The Director of the methodical Department of the NRA Maxim Vasin recalls that investing in bonds can also through the management company, investing in bond mutual funds or directly through the trust deed. The expert pays attention that individual strategies and investing through the UK are generally accessible to investors with large sums of money — 1 million rubles. and more.

Well, the most important question — what to buy? “The indicator of the company’s reliability — low bond yields. The higher the yield, the less credible the company from borrowers — bad reputation or business problems forced the leaders of the company to borrow at high interest rates”, — the legal adviser of the company “Basalt” Dmitry Volkov.

Sometimes, however, a high percentage of offer the company with good financial indicators, but an unknown or unfamiliar brand to the market business model. In such transactions confidently feeling only for experienced investors. But for a beginner the best option is Federal loan bonds (OFZ) corporate bonds or “first tier” — the most reliable Russian companies. “A default on such securities may occur only when Russia defaulted in the case of OFZ and bankruptcy of state-owned corporations. The probability of default of our country at the current low level of public debt is practically zero, the same can be said about the issuers of the first echelon. Moreover, if you remember the default of Russia in 1998, when the affected holders of t-bills, we will see that even in such a difficult time for the country the same “Gazprom” paid on its bonds,” says Meshcheryakov.
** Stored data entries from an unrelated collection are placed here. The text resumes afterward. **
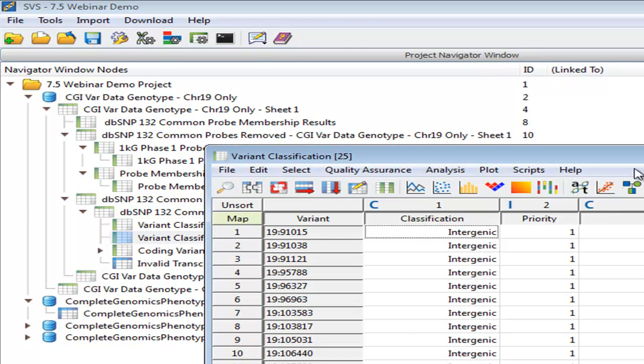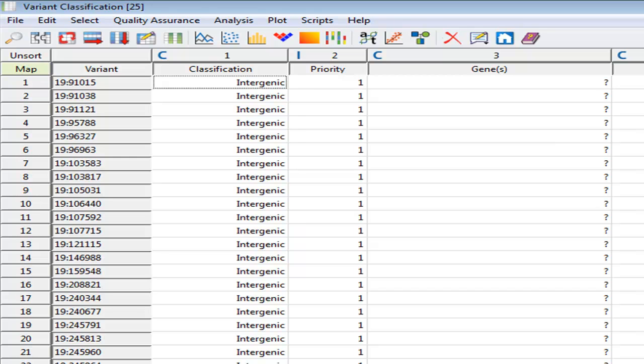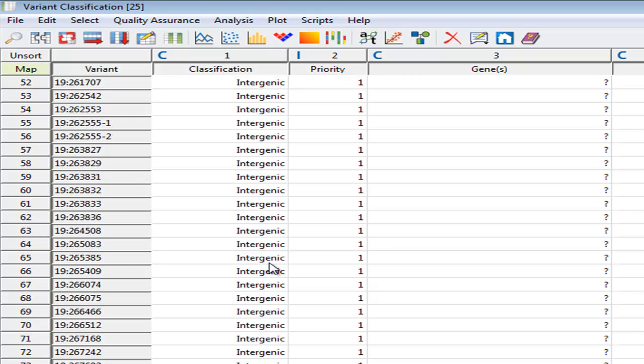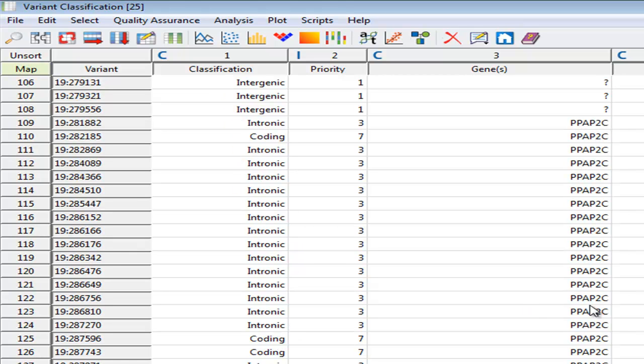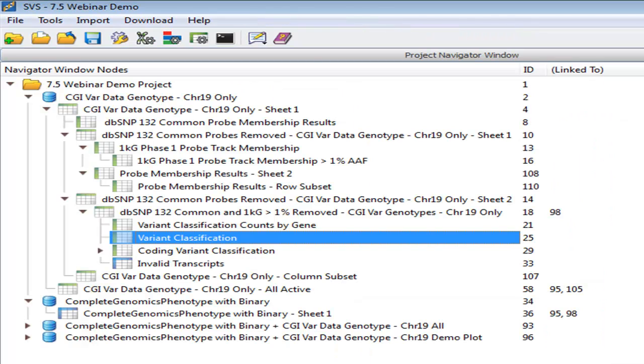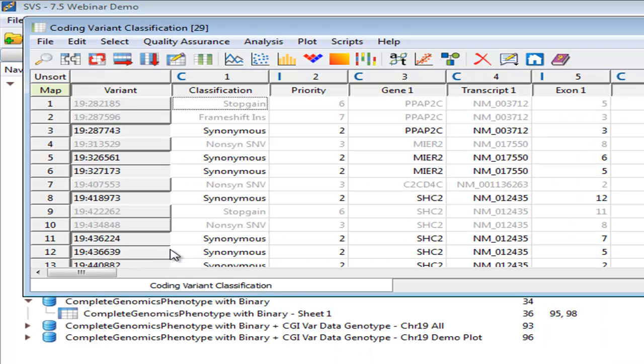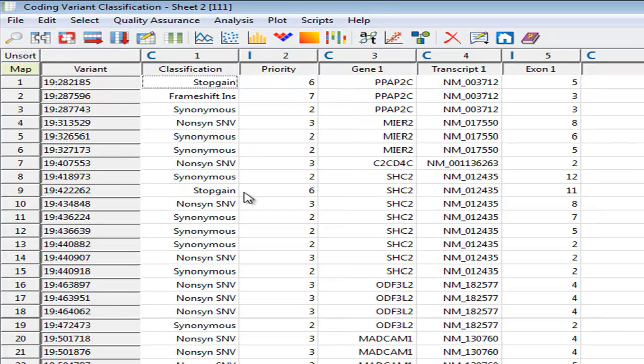This variant classification report will list every single one of those variants, 225,000, and classify them in the context of genes. And as you can imagine with the whole genome data set, quite a few of those are going to be intergenic, but as we scroll down, we'll hit our first gene here. And then you can see that there are intronic and coding variants for this gene. Moving on to our next report, and again, there's quite a few different workflows that you could potentially use directly off of each one of these spreadsheets, but I'm going to have to move along.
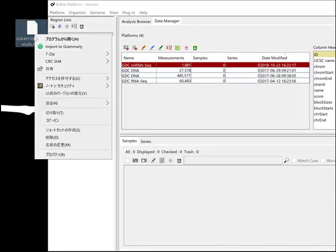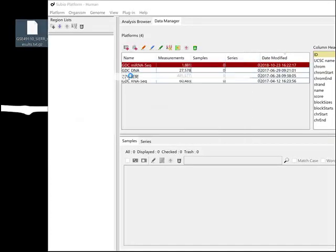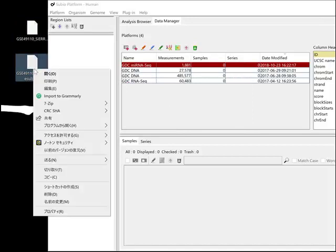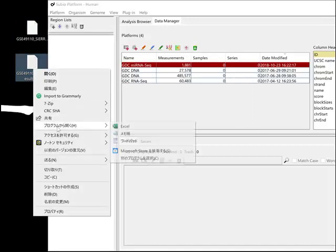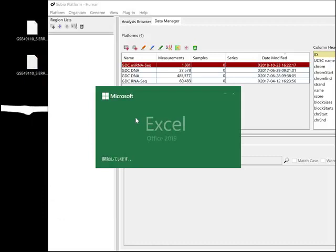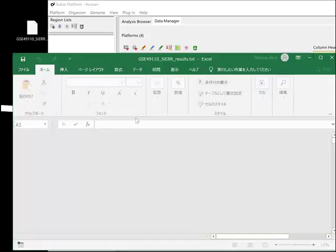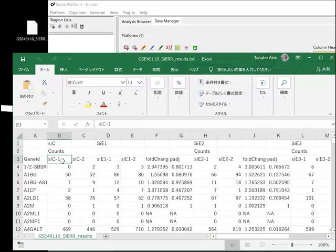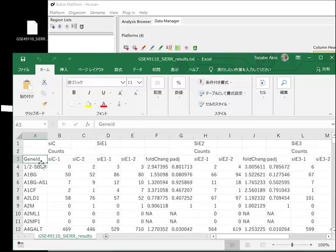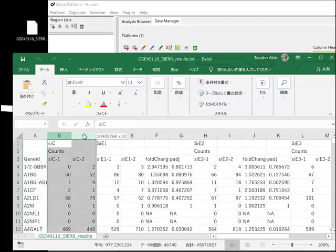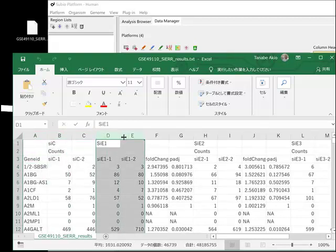Uncompress the GZ file and open the extracted text file with Excel. It contains gene symbols as IDs and counts. You don't use other columns of statistics.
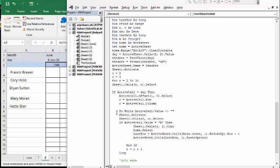And so now then what I'm doing is I'm doing do while active cell value does not equal blank. So as long as there's something in there, sheet one activate sheet one cells R C, and so that is the column, the column below or the cell below the date.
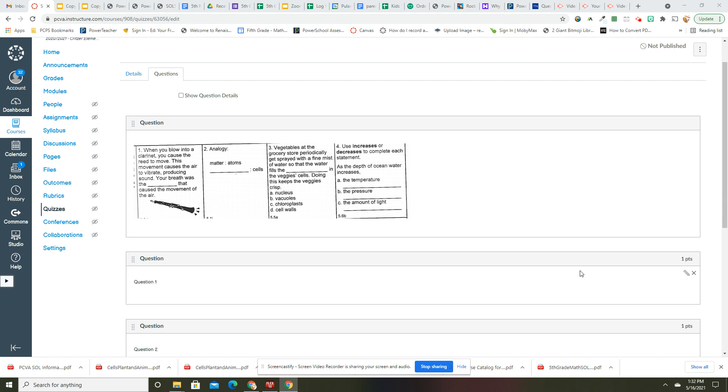Alright, number two. Matter is to atoms as organisms are to cells. That was sort of hard. Number three: vegetables at the grocery store periodically get sprayed with a fine mist.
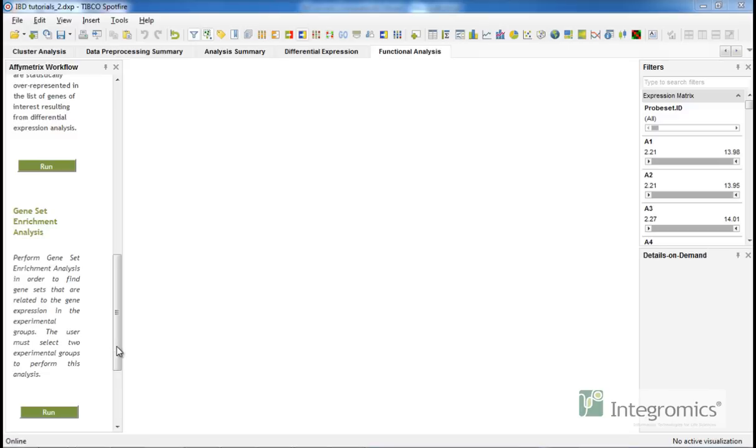Gene-set enrichment analysis aggregates the expression of such predefined gene sets and computes a score for the association of the expression of these genes with experimental groups. In order to run Gene-set enrichment analysis,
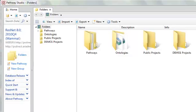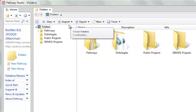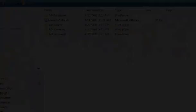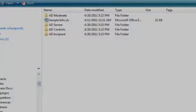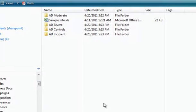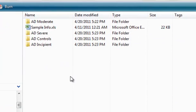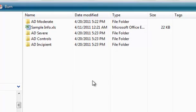Hello. So now we're going to run through how to import experimental data into Pathway Studio. Here I've downloaded some gene expression data from the GEO site. This particular experiment is GSE1297, an Alzheimer's disease study.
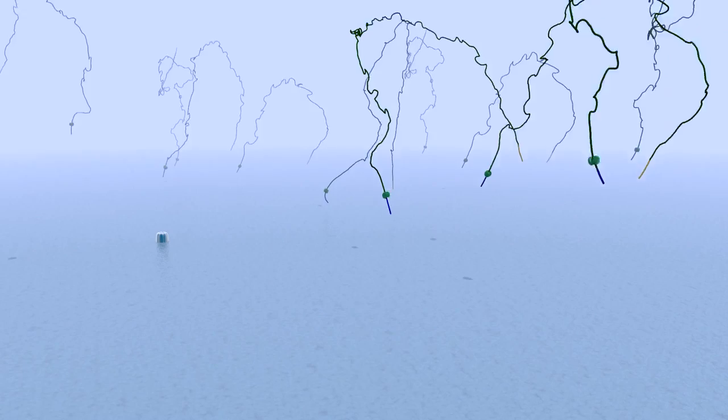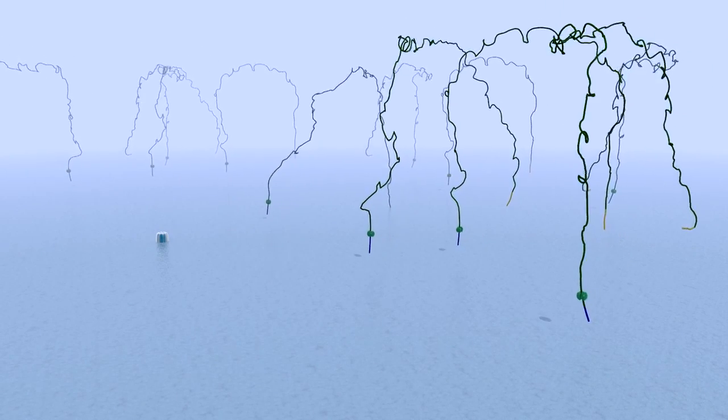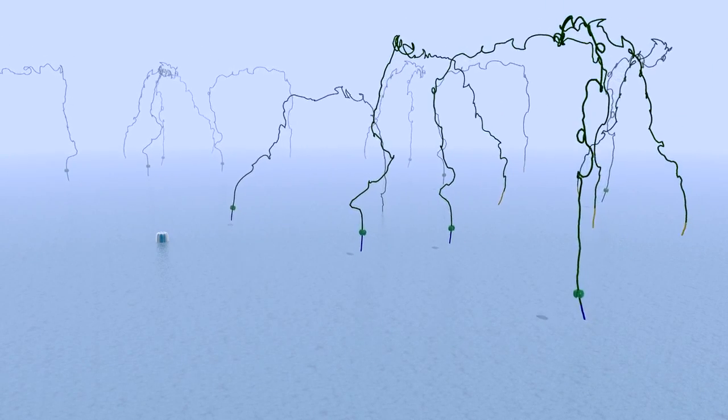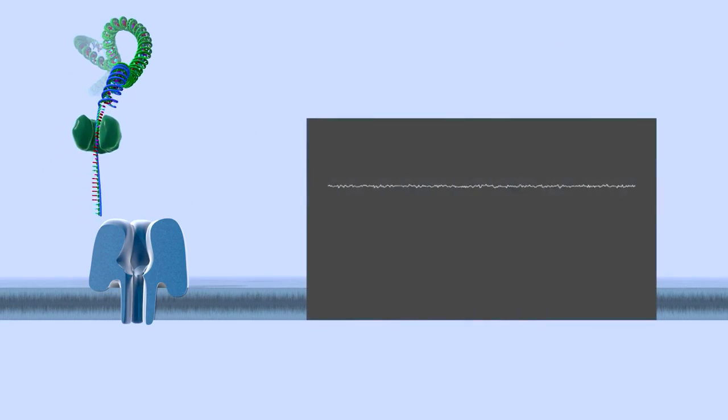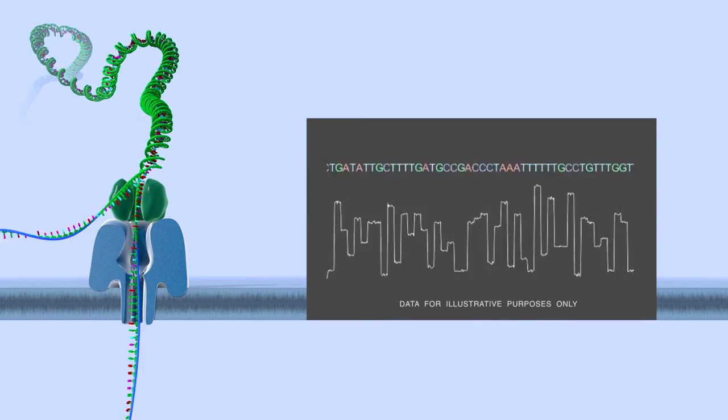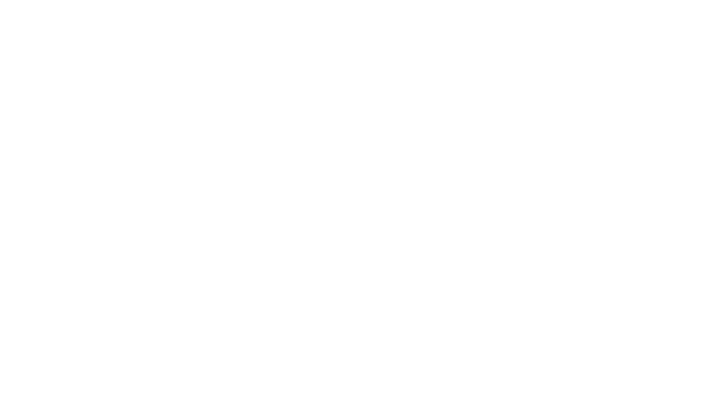The DNA strands to be sequenced are mixed with copies of a processive enzyme. As the DNA enzyme complexes approach the nanopore the single-stranded DNA is pulled through the aperture of the nanopore.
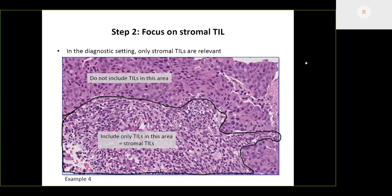We focus on the stromal TILs for this exercise, for the simple reason that stromal TILs are the most reproducible biomarker. The intra-epithelial TILs — those within the cancer cell nest touching the tumor cells — we're not saying these are not important, but in terms of reproducibility, this is very difficult to analyze by pathologists using a microscope. For this exercise, we focus on the stromal TILs because they are also the ones being introduced in daily practice and being used in newly developed phase 2 trials activating this year.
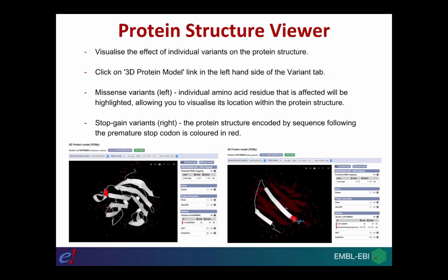Using the protein structure viewer you can also visualize the effect of individual variants on the protein structure. You navigate to a variant of interest using a variant ID, then click on the 3D protein model link in the menu on the left-hand side of the variant tab. For a missense variant, the individual amino acid residue affected will be highlighted, allowing you to visualize its location within the protein structure. For a stop gain variant, you can see the section of the protein still encoded before the stop, with the deleted portion colored in red.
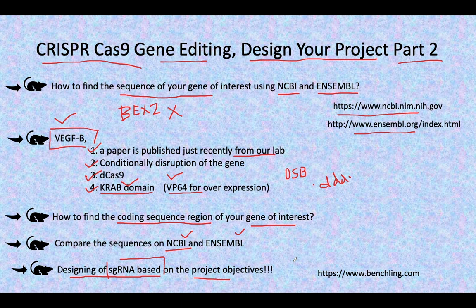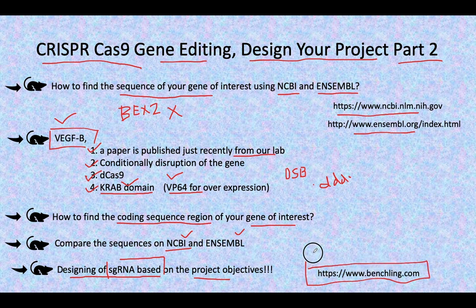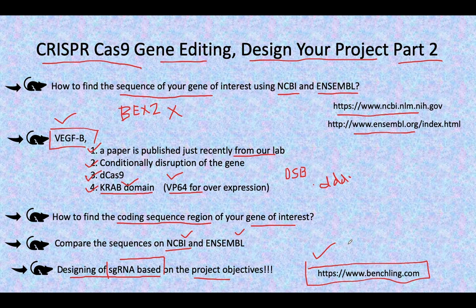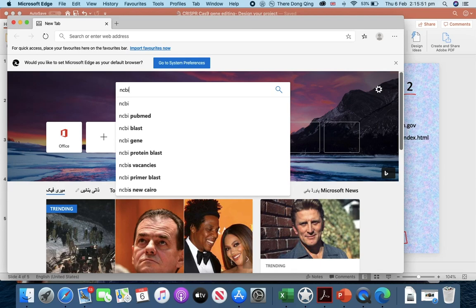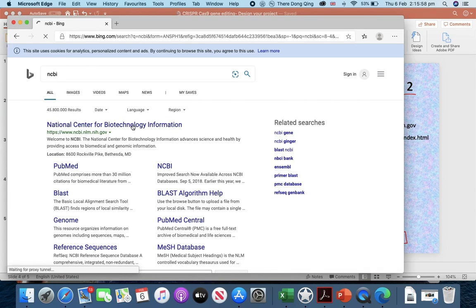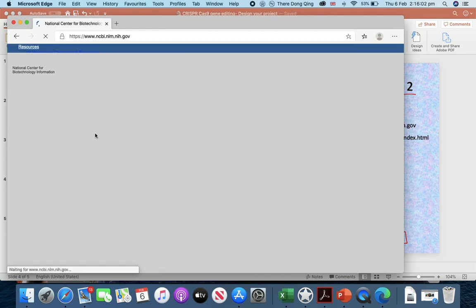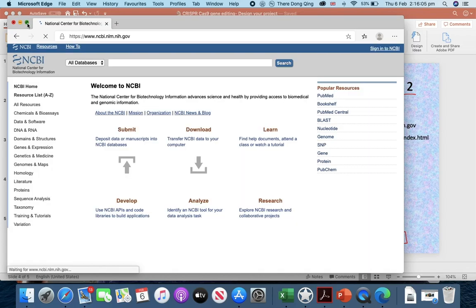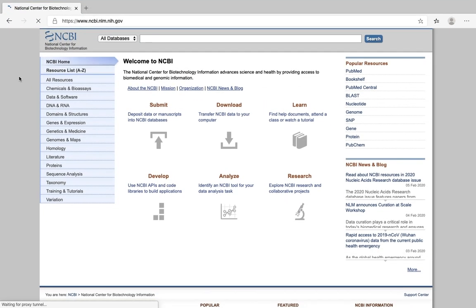There are many databases available for the design of sgRNA, but we will follow Benchling. Benchling is better because of many factors, and you will get to know these factors while we are designing the sgRNA. Now let's move towards the NCBI website - how one can find the gene sequence of interest. I will type here NCBI - National Center for Biotechnology Information. I have provided its website in the previous video as well.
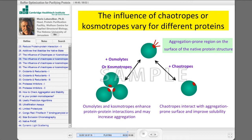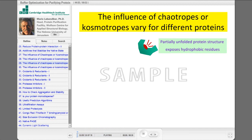So, for example, here you can see that in this type of proteins, chaotropes are inhibiting aggregation, while kosmotropes are producing aggregation.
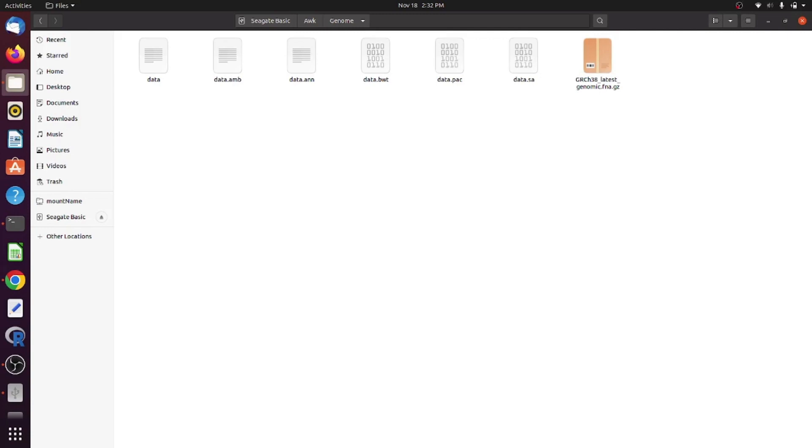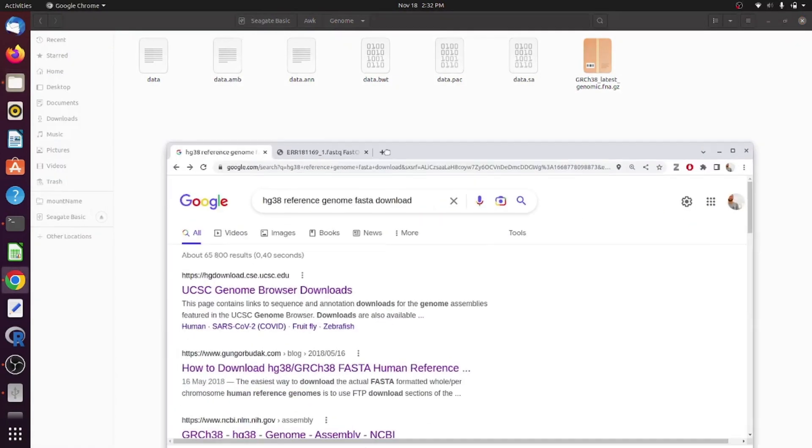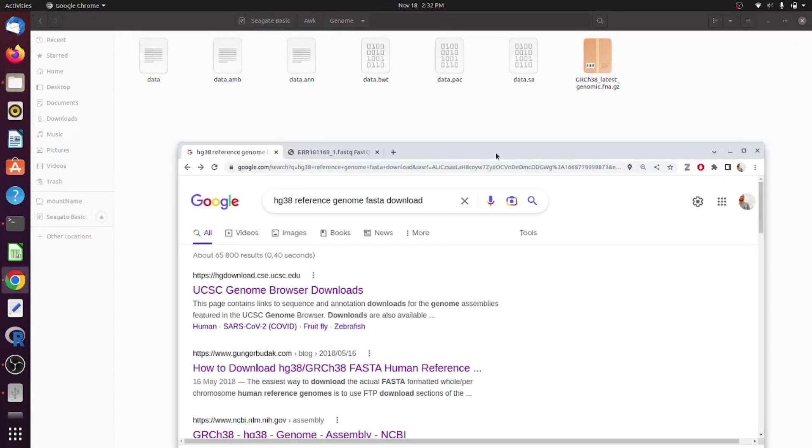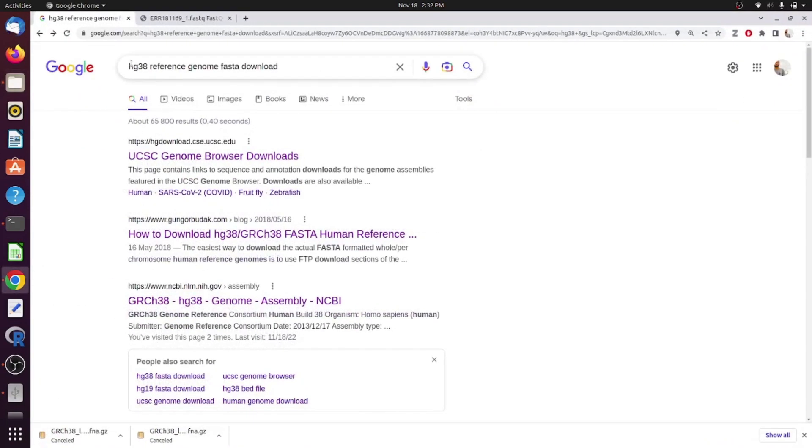As you can see here, I have downloaded GRCH38 or HG38 genome.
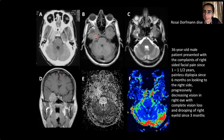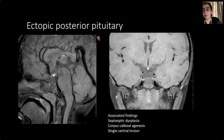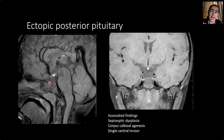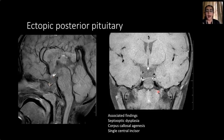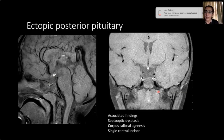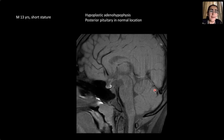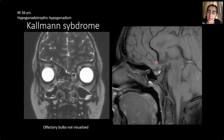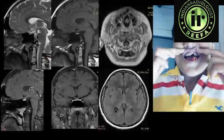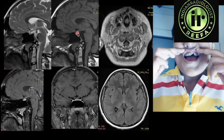In children with short stature, we look for an ectopic posterior pituitary. Normally the posterior pituitary lies behind the adenohypophysis; if it is ectopic and the anterior pituitary is also hypoplastic, this is a common imaging finding. Other associated findings include septo-optic dysplasia, corpus callosal agenesis, or a single central incisor. In a patient with hypogonadotropic hypogonadism where the olfactory bulbs are not visualized, this is Kallmann syndrome. A patient with a single central incisor also had a small anterior pituitary with a tiny cyst, and a hypoplastic clivus.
With regard to profitability, the government bonds and the rates on Bank deposits in the largest retail banks bring investors about the same “fat”. “Individuals makes more sense to invest in bonds of companies. Reliable enough for issuers to get the rate of 12,is 12.5% per annum,” says Alin, Recalling that the “long” bond (that is, the longer the period of her treatment), the greater the loss, the paper holder can potentially obtain. Therefore, in the current difficult market situation it is better to buy bonds for a period of not more than 1-3 years.

Key terms

*The nominal value of bonds (face value). Each bond has a nominal value. The coupon size is determined in percentage from nominal value. Most of the bonds traded on Russian stock exchanges, have a nominal value of 1000 rubles.

*Market price. In addition to the nominal value of each bond is its market price. In contrast to the nominal market price is constantly changing depending on current market conditions, interest rates, supply and demand of bonds on the stock exchange. The market price determined on the stock exchange in the bidding process. The market price is not quoted in rubles and in percent of the nominal value of the bond. And can be as above (for example, 101,2%) and below par (by 98.7%). This price is called the clean price of the bond.

*Coupon bonds is the interest payment on the bonds. Size and date of coupon payments are usually known to the investor beforehand. The coupon size is determined in percentage from nominal value.

*Amortization — a payment bond debt through regular payments. To amortization the borrower uses in order not to seek at maturity a significant amount of money, for example, the nominal value of the bonds.

*Accrual of income and the refund of the face value of the bond is quite simple — without the participation of the holder of the bond. At maturity the bond will disappear from your portfolio, but after 3-5 days its par value and accumulated income will credit your exchange Deposit, where the money you can safely withdraw to a Bank account or buy them a new quantity of bonds.